* Problem
Please restate each line of the material word for word and omit any pictures.

* Information supplied
%%

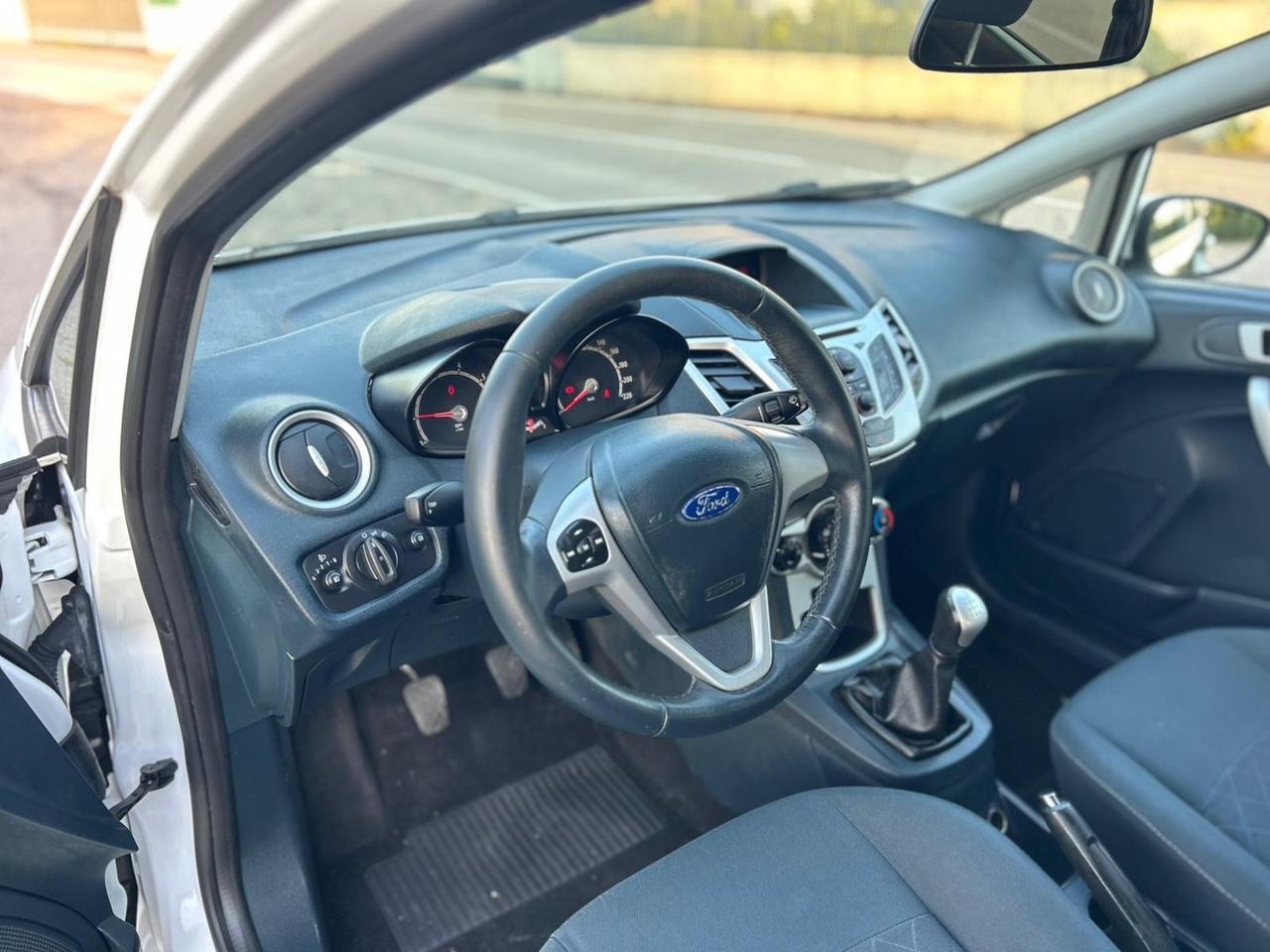 Ford Fiesta 1.2 16V 60CV 5p. Titanium Bs.*NEOPATENTATI*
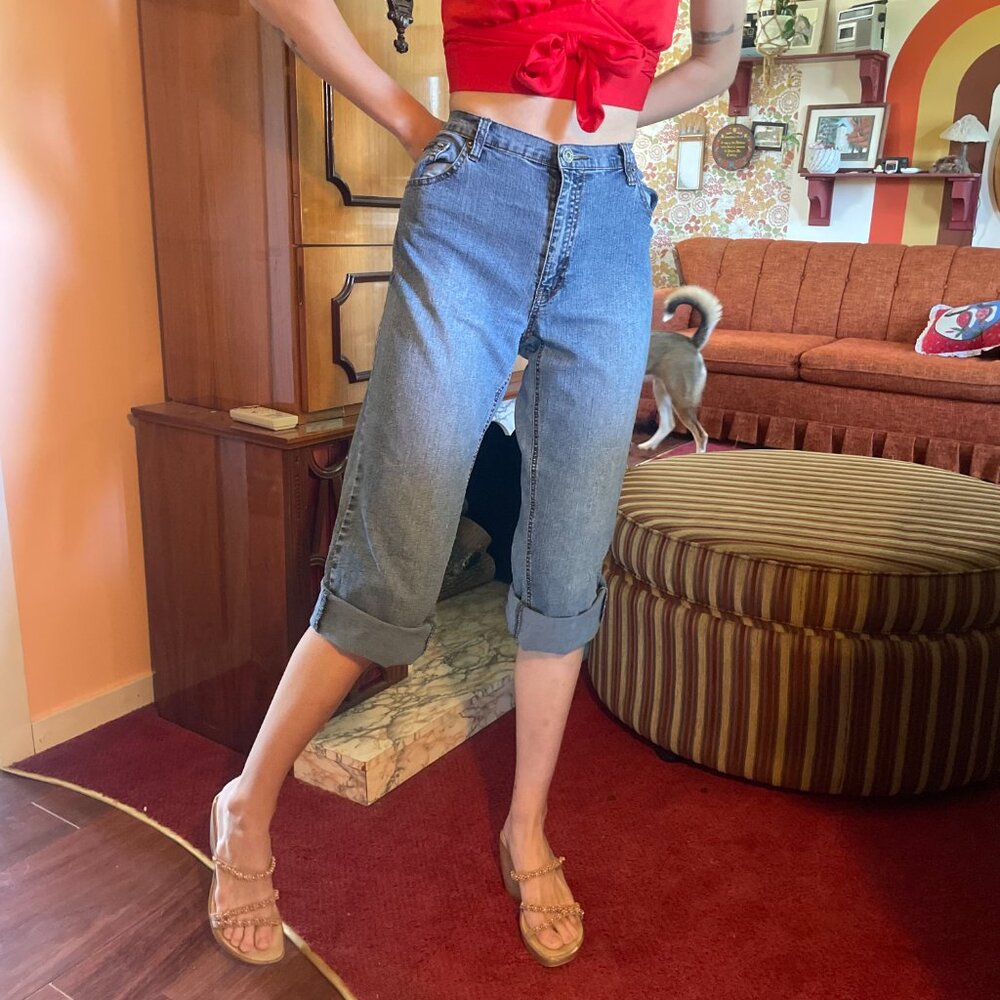 Stretchy low rise capris in faded Y2K almost acid wash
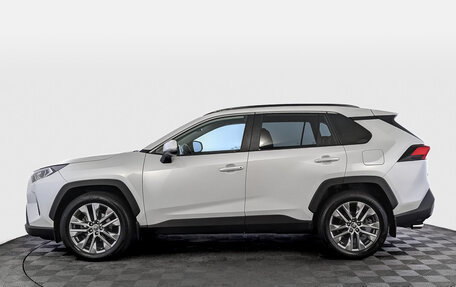 Toyota RAV4, 2021 год, 3 990 000 рублей, 8 фотография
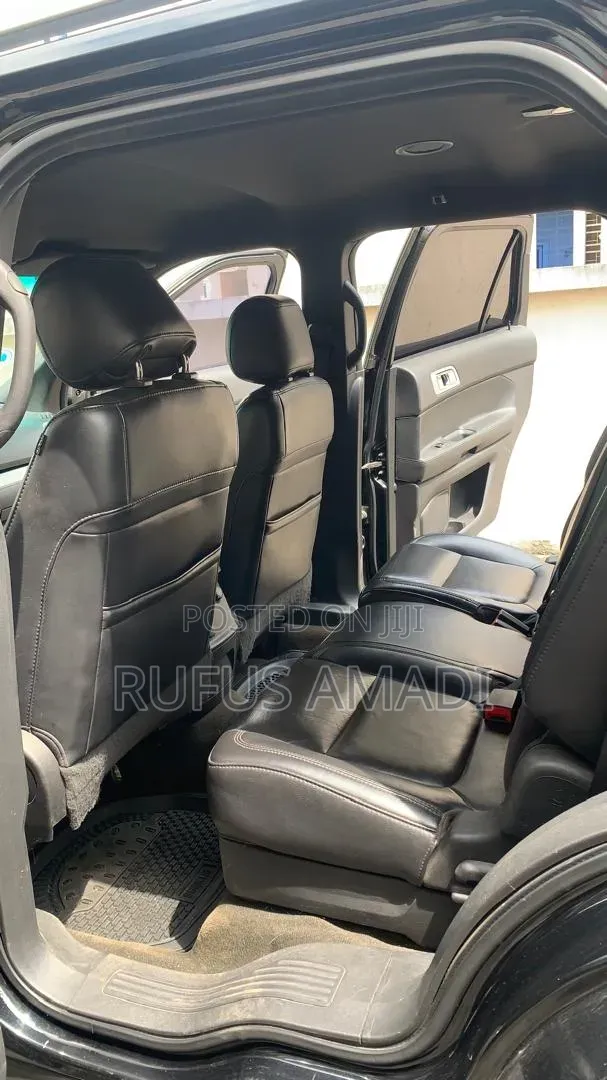 Ford Explorer 2012 Black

%%

* Response to the exercise
 Ford Fiesta 1.2 16V 60CV 5p. Titanium Bs.*NEOPATENTATI*
 Stretchy low rise capris in faded Y2K almost acid wash
 Toyota RAV4, 2021 год, 3 990 000 рублей, 8 фотография
 Ford Explorer 2012 Black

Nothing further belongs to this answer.